Extracted entries:
___

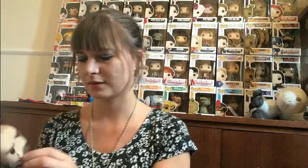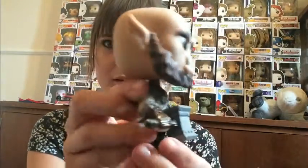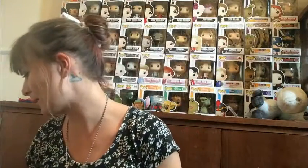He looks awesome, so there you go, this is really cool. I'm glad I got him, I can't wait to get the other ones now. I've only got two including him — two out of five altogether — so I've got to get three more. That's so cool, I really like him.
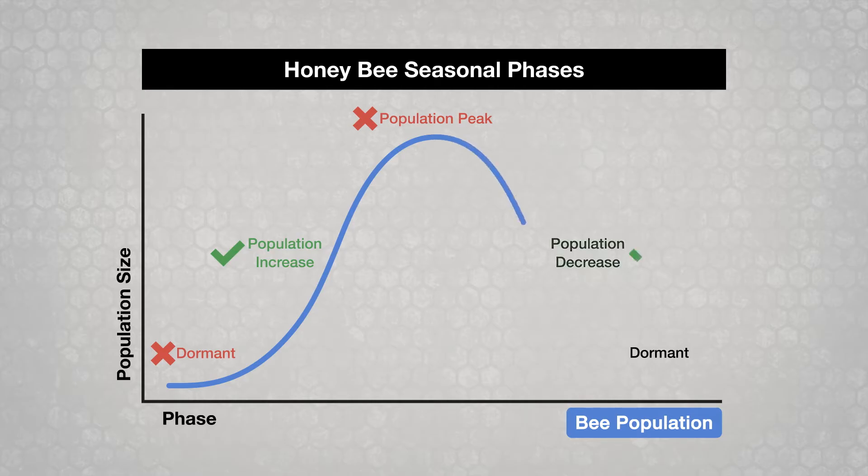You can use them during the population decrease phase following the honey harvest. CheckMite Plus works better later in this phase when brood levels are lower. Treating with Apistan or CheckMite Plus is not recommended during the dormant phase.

___

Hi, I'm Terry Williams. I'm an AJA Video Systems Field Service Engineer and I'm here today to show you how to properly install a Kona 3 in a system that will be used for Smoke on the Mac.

___

Task description: When you reach the line containing "He looks awesome, so" in the entries above, begin restating word for word, and stop once the line containing "You can use" has been given. Omit the pictures.

Response to the task:
He looks awesome, so there you go, this is really cool. I'm glad I got him, I can't wait to get the other ones now. I've only got two including him — two out of five altogether — so I've got to get three more. That's so cool, I really like him.
You can use them during the population decrease phase following the honey harvest. CheckMite Plus works better later in this phase when brood levels are lower. Treating with Apistan or CheckMite Plus is not recommended during the dormant phase.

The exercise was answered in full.